I vibe coded a simple Chainlit chat + image + video UI in Pinokio to test Gemma-4, I figured everyone post stats I want to show you how it runs, the first section of the video is regular speed the second pass i sped it up because as you can tell its not the fastest, I think I have room to tweak it a bit and get better results maybe idk.. but I hope this helps, oh FYI it’s using 122-124GB out of the 128GB but at least it;s not crashing!
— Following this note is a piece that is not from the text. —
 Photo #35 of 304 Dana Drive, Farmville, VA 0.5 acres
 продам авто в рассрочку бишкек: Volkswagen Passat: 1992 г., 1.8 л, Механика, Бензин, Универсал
Music: ACE-Step via Pinokio
Running Gemma-4-31B-IT-NVFP4 on DGX Spark with vLLM 0.18.2rc1
-
Model: nvidia/Gemma-4-31B-IT-NVFP4 (NVFP4 via ModelOpt)
-
Quantization: modelopt
-
Max model length: 65536
-
GPU memory utilization: 0.85
-
KV cache dtype: fp8
-
Enabled: chunked prefill, prefix caching, reasoning_parser=gemma4, tool_call_parser=gemma4, auto tool choice
-
Max num seqs: 4
-
Max num batched tokens: 8192
-
Attention backend: TRITON_ATTN (forced by heterogeneous heads)
-
Host: 127.0.0.1:8000
Using for a desktop multimodal agent with screen, PDF, and video understanding.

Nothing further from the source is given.